Leander stopped at the house to unload an ungodly number of baskets from the obstreperous donkey. Maybe Leander was pitiful and without a future, but at least he poured his despondency into weaving baskets and not chasing chemical highs. He found Auntie Daiyu squatting nearby, watching his house.

Leander bowed. “Auntie Daiyu, I hope you have not waited for me.”

“It is nothing. I am curious how Yang Xiangren, the old cheapskate, has treated you today.”

She had definitely gotten a report from someone in Yang’s household.

Leander untied the finest of the baskets he had woven in his little self-pity session.

It was round and tall with straight sides and phoenixes woven into the pattern.

He had made it near the end of his crafty freak out when he’d been trying to convince himself that he was making better choices now.

“Thank you, Auntie Daiyu, for helping me obtain a job.” He held it out. “I hope you can accept my simple gift.”

She took the basket, running her fingers along the largest phoenix with reverence. “This is beautiful work.”

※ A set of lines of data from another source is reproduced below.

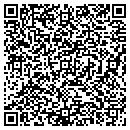 QR code with Factory Oak & Pine contacts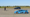 $4.5M Koenigsegg Agera RST Struggles Against Tesla Model X Plaid in Drag Race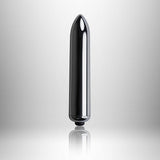 Zen Pro Black - iVenuss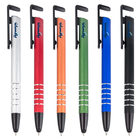 Stylus I-Stand Metal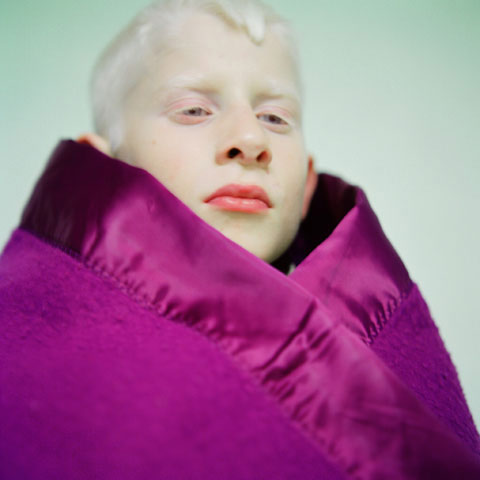 Paola de Grenet photography Paola de Grenet photography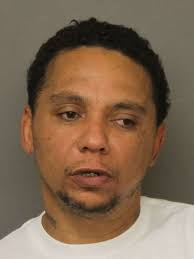 Schenectady man found guilty in May robbery spree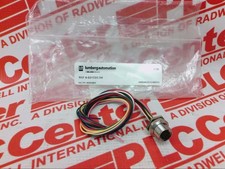 BELDEN RKF 8-S3103/0.5M / RKF8S310305M NEW NO BOX 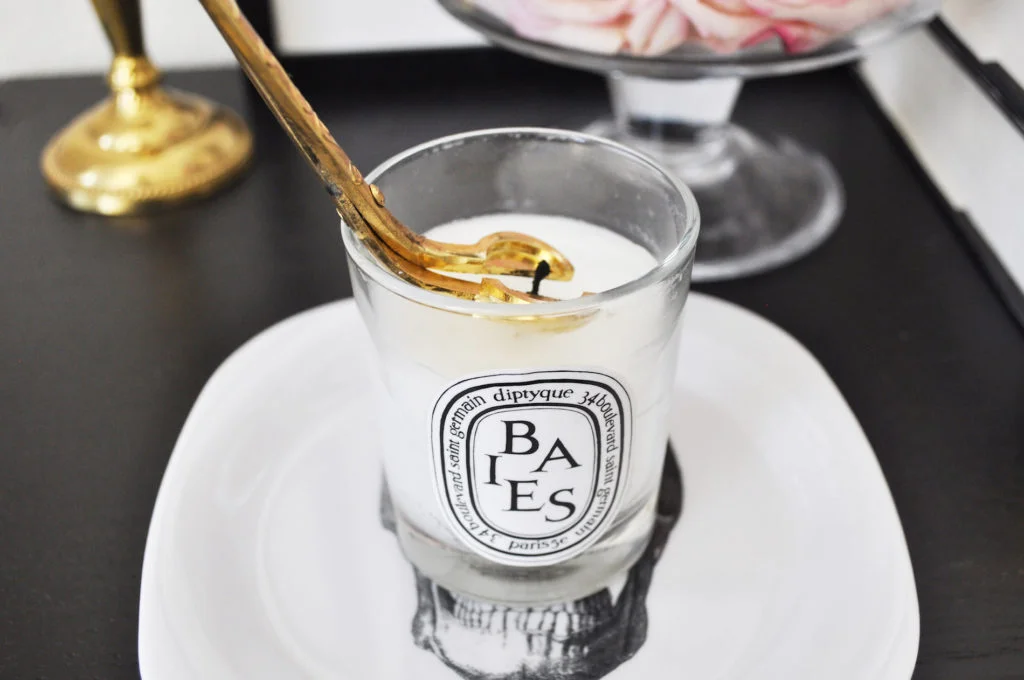 BaiesDiptyque2-1024×680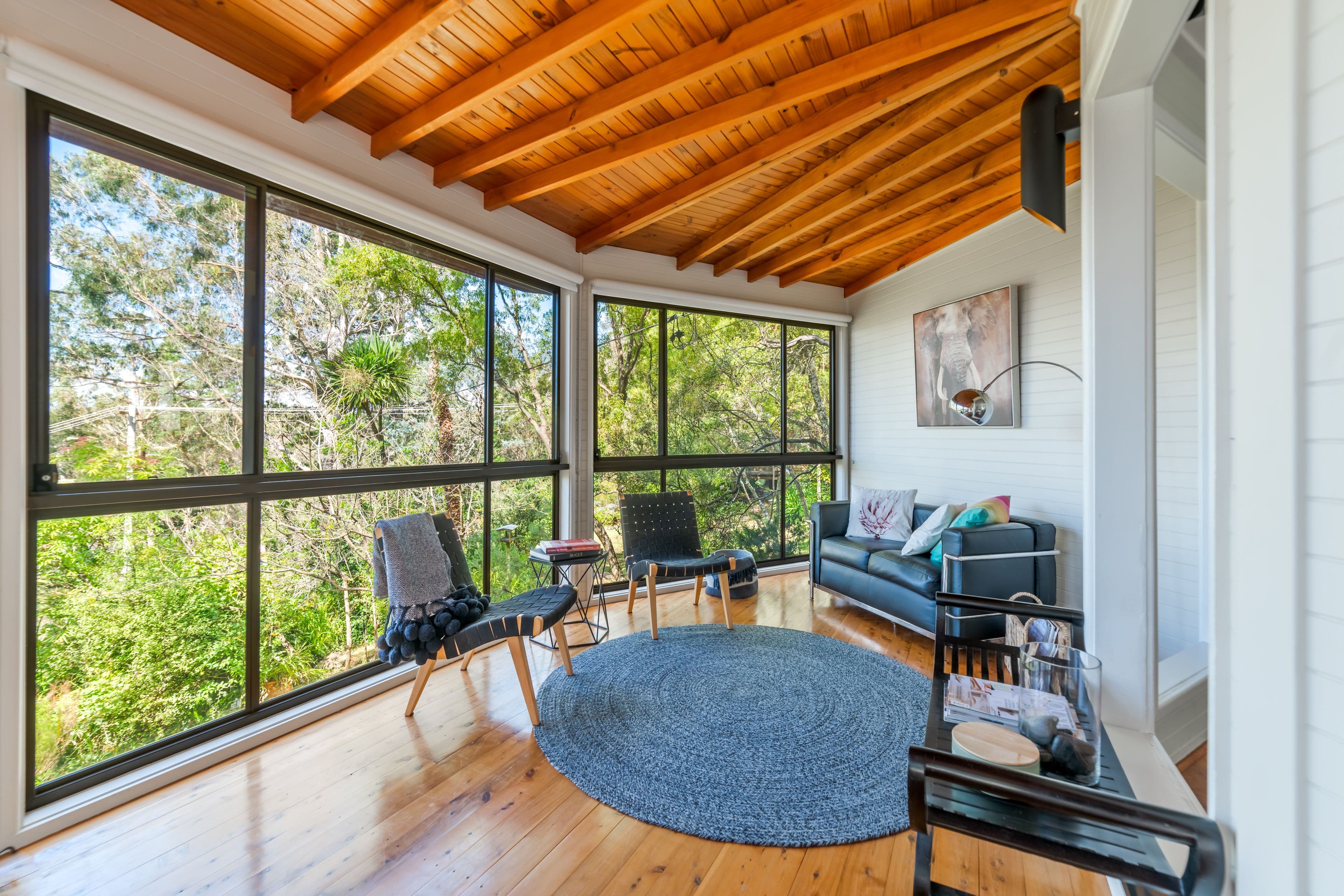16 Fairy Dell Road, Mount Victoria NSW 2786, Mount Victoria - Thumbnail 3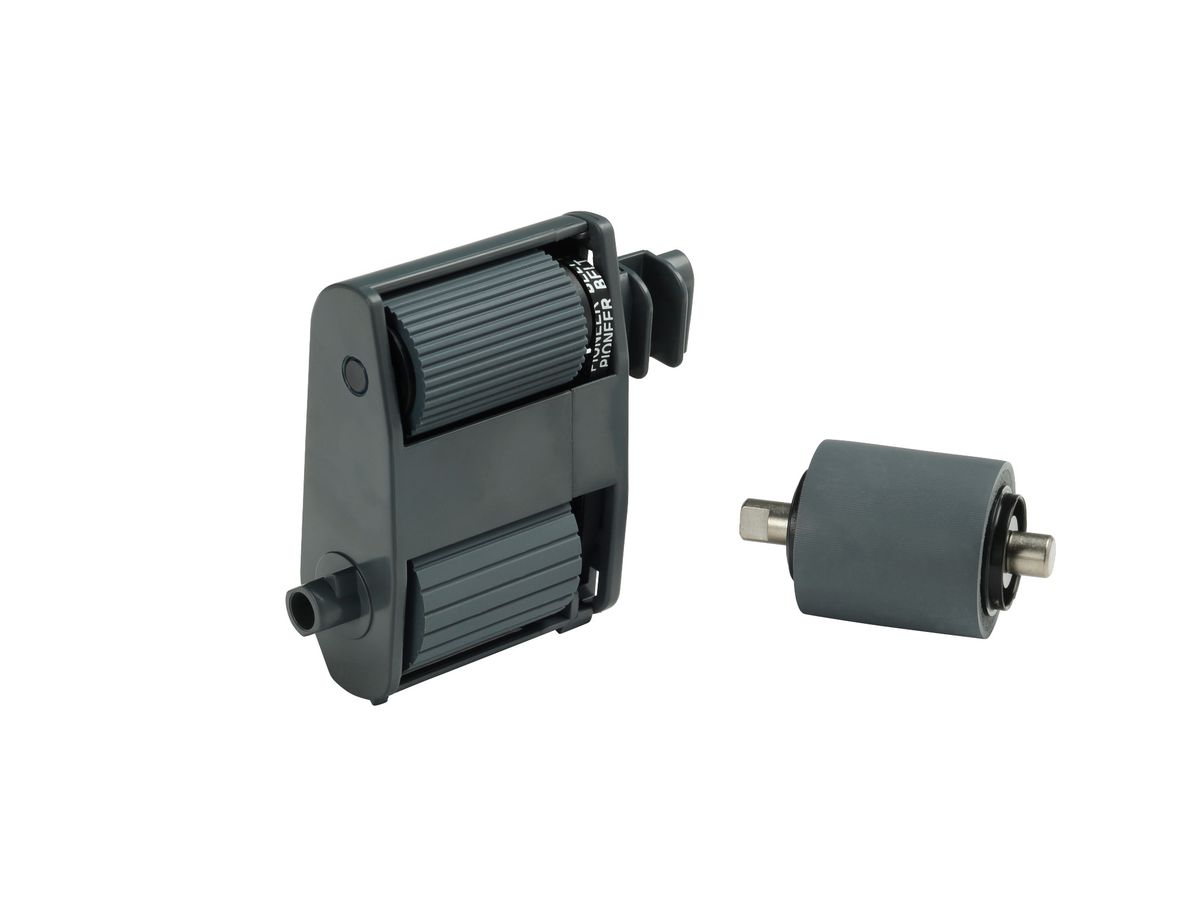 HP 300 ADF-Walzenersatzkit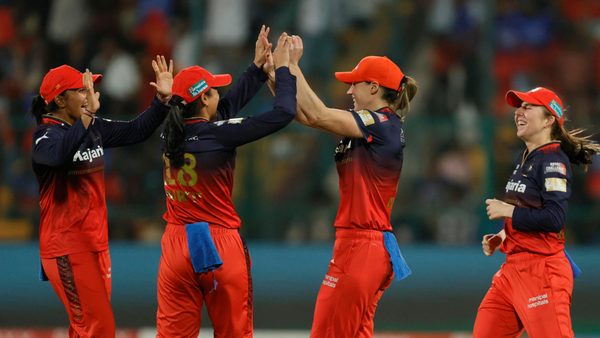 leap-of-faith-perrys-fantastic-catch-to-dismiss-lanning-6369484271112.Click to read full article.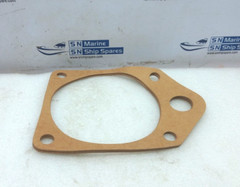 Ingersoll Rand K5B5075 Head Gasket 5PCs In Lot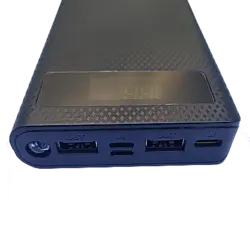 پاور بانک 20000 آنکر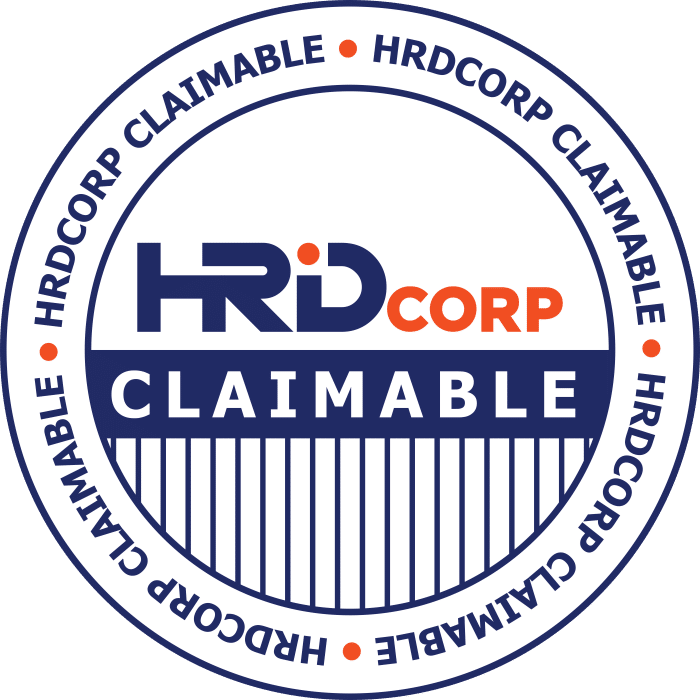 HRD-CLAIMABLE
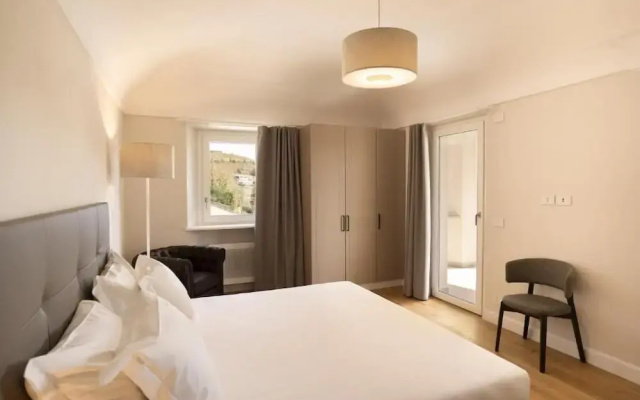 Vinea Relais
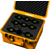 NiSi Cine Hard Shell Case For 9pcs Athena Lenses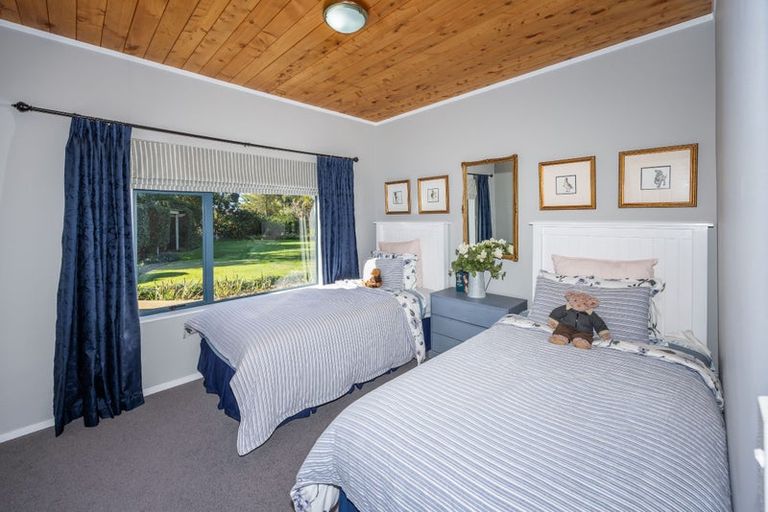 Photo of property in 916 Bond Road, Te Awamutu, 3879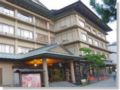 Hotel Miya Rikyu ホテル詳細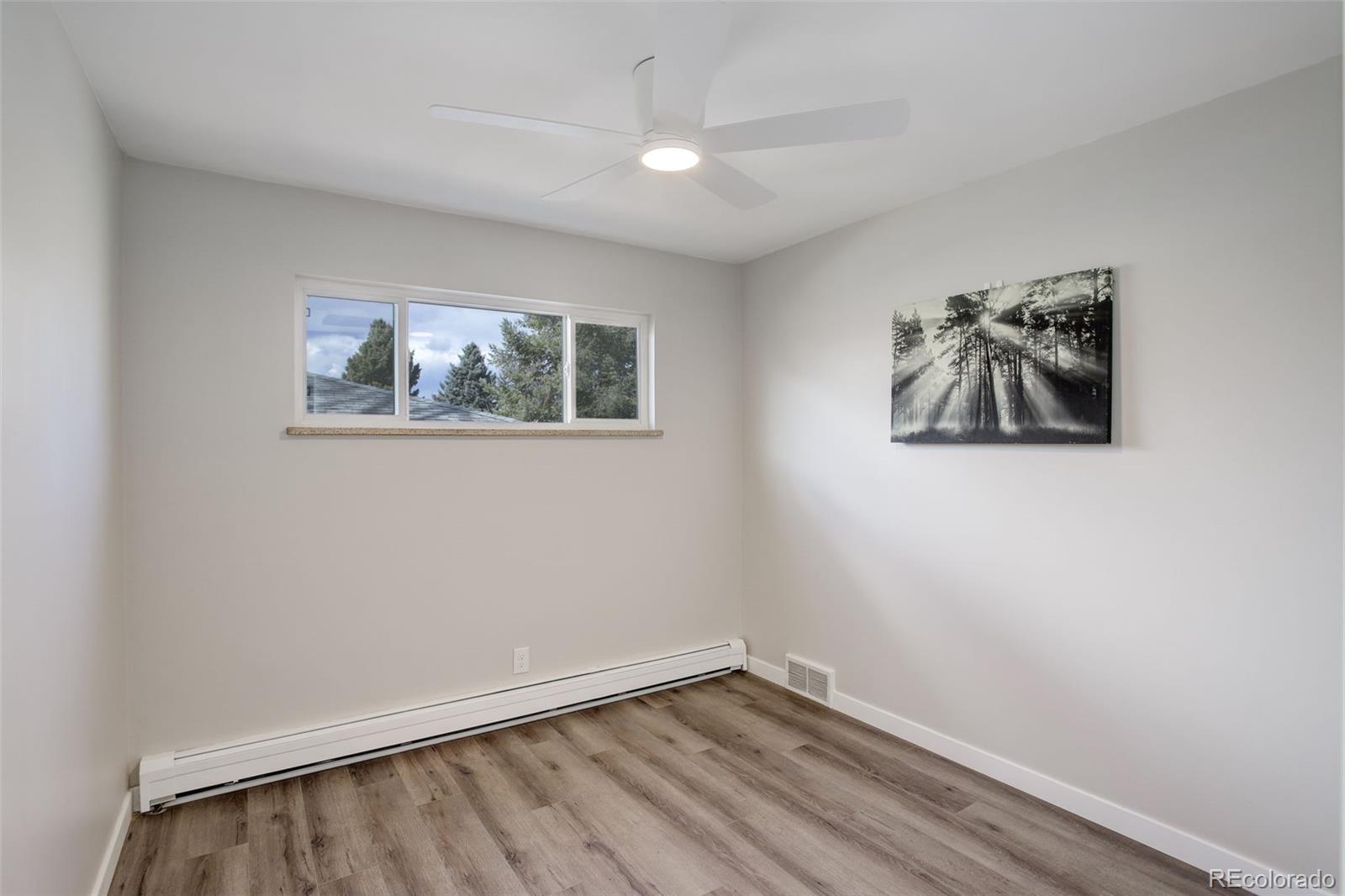 MLS Image #27 for 5271 s logan street,littleton, Colorado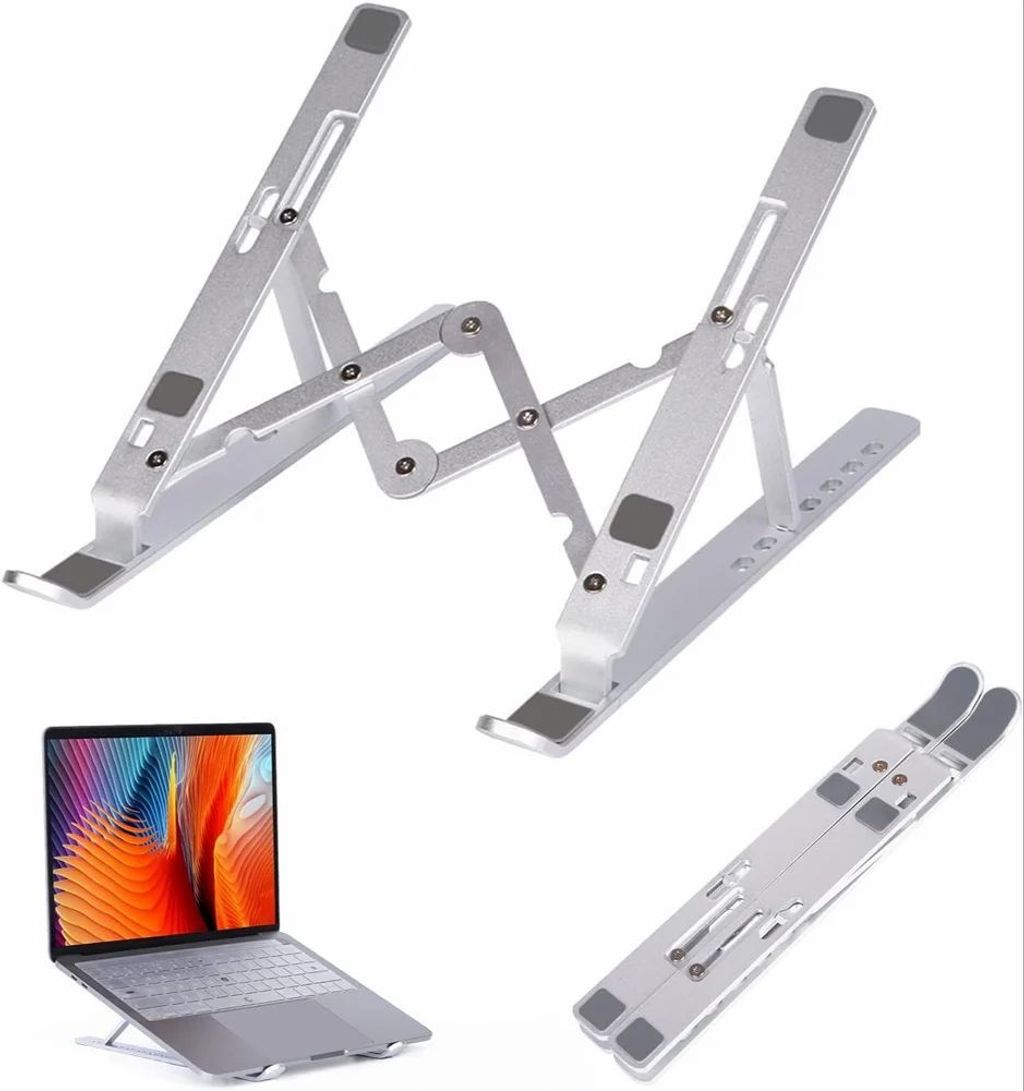 LAPTOP-18-1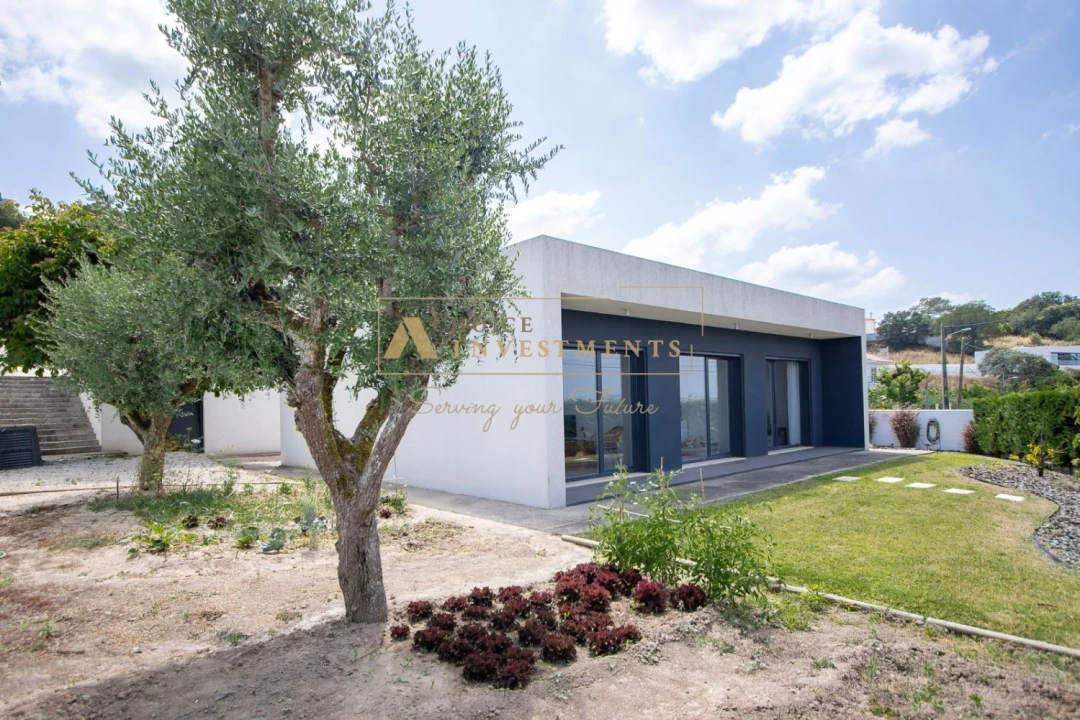 Moradia T3 para Venda em Mafra Foto 28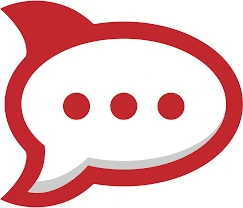 SAML IDP Single Sign-on with Rocketchat as SP
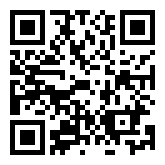 七天学堂二维码下载图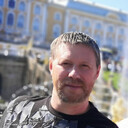 ���������� �����-���������, ���� ������� ������, 56 ���, ������������ ��� ������, ����� � ���������, c�������� ���������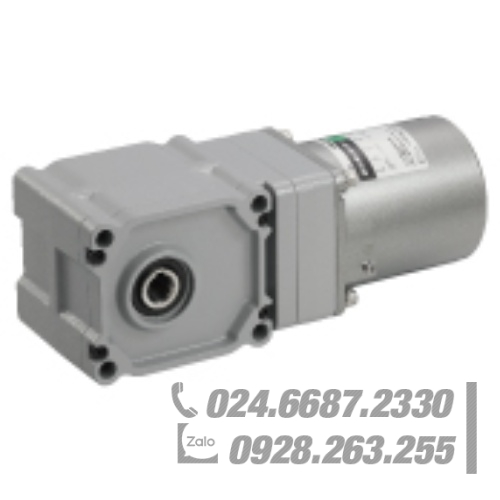 Động cơ Oriental 5IK40KC-5H100S Động cơ Oriental 5IK40KC-5H100S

Leander didn’t want to admit he’d had a mental breakdown, so he offered a better reason for sitting next to a river and playing with reeds.

“Master Yang feels my skills are not appropriate for the task he set me. My knowledge of the surrounding area and where to find important plants is severely lacking, so given my incompetence, I thought to find another way to earn money to support my son.” It was bullshit.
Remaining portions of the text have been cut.